No question that there’s big value on offer at Cadence Minerals’ (KDNCAmapa iron ore project in Brazil. 

When the company optimized a pre-feasibility study on Amapa last year, the post-tax net present value was set at well over US$1.9 bn. 

What’s more, because it’s a brownfield site, capital costs are likely to be much lower than you’d expect from something completely new.  

The study also projected operating costs to be approximately US$34 per tonne FOB. So, with the DR Grade iron ore price currently at well over US$130, margins also appear very healthy.

Cadence only owns a 35% stake in Amapa, mind, so not all of the value will come its way. 

But even so, there does seem to be something of a disparity between the US$1.9 bn asset that Cadence has been steadily moving forward, and the £7 million valuation that the market currently attributes to the company.

Especially when you consider that Cadence’s investment in Amapa itself amounts to more than US$15 million.

But the mining markets are fickle. 

It looks like we’re just coming out of a prolonged bear market, and valuations across the board may start looking a bit more realistic as summer turns to autumn.

For Cadence, though, when the market does finally wake up to the true value of Amapa, it won’t just be a case of the company rising with all the other boats. The re-rating is likely to be far more substantial than that.

After all, once fully operational, Amapa will be the largest employer in the state of Amapa and is likely to boost the state's GDP by between 4% and 10%.

It will produce over 5.8 million wet metric tonnes of high-grade iron ore per year, and depending on the iron ore price, hundreds of millions of dollars in cash flow.

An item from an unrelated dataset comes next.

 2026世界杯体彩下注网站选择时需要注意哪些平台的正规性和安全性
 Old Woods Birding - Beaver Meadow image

Not that that’s going to happen overnight.

Instead, as Chief executive Kiran Morzaria explains, a smaller-scale, high-grade operation is planned first, and this is likely to generate between US$6 million and US$9 million in annual free cash flow.

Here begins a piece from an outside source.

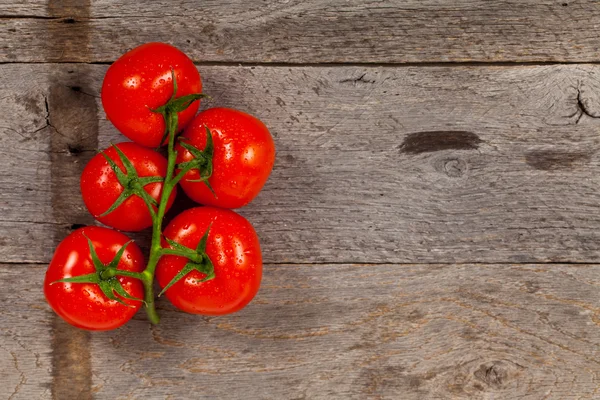 Tomates rojos en la vid — Foto de Stock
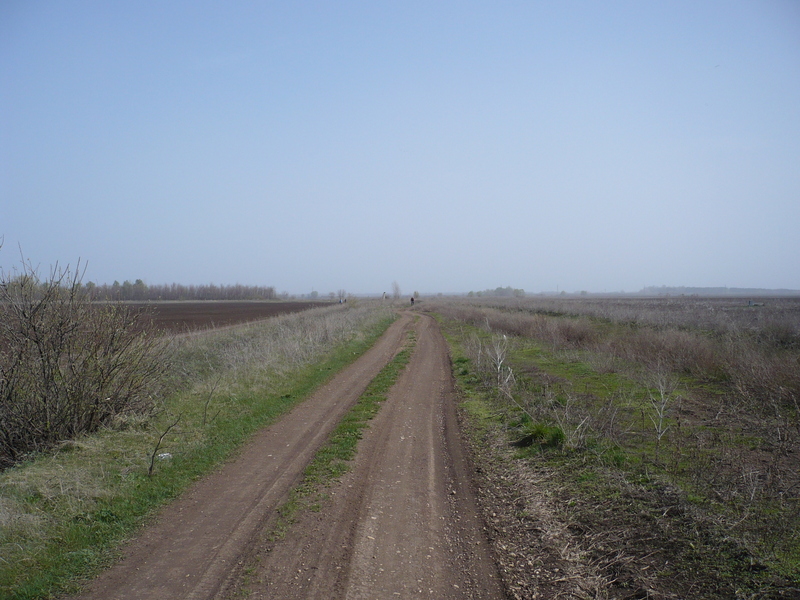 The road to the confluence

It’s in this fashion that he hopes to bridge the valuation gulf between reality and expectation.

This initial smaller-scale operation will be based around an area of high-grade float material storage. From this material, it’s thought that an upgrade to an existing plant can produce a 65% iron pellet product. 

Morzaria is currently deep into discussions about securing the funding to get this plant refurbished, and although he’s not specific about the form the funding will take, it will likely have a substantial off-take component to it, and to involve minimal dilution to Cadence. 

 All told, this smaller-scale part of Amapa could be up and running within 12 months, producing around 400,000 tonnes per year of 65% iron ore product at a US$24 margin.

Recoveries won’t be too complicated, since the material has already been partly processed, and will be separated via magnetic separators and spirals.

But we’re not there yet.

“Our real drive is to get the financing done by September,” adds Morzaria. “We’re advancing well and circulating term sheets.”

If Cadence can get this smaller project going it will build credibility when it comes to getting the larger operation into production. 

“It shows locally and more broadly that we can execute,” says Morzaria. 

“This is an interim solution to show cashflow and show operations and demonstrate that Amapa is a place you can invest in and take things forwards."

And, in due course, the money generated by the smaller-scale project could be allocated towards detailed engineering studies for the larger project, while they continue to work on securing a trade partner to provide the necessary balance sheet to develop the larger project.

That would certainly be a sensible and straightforward way forward, and one which the Cadence team now looks well set up to start delivering.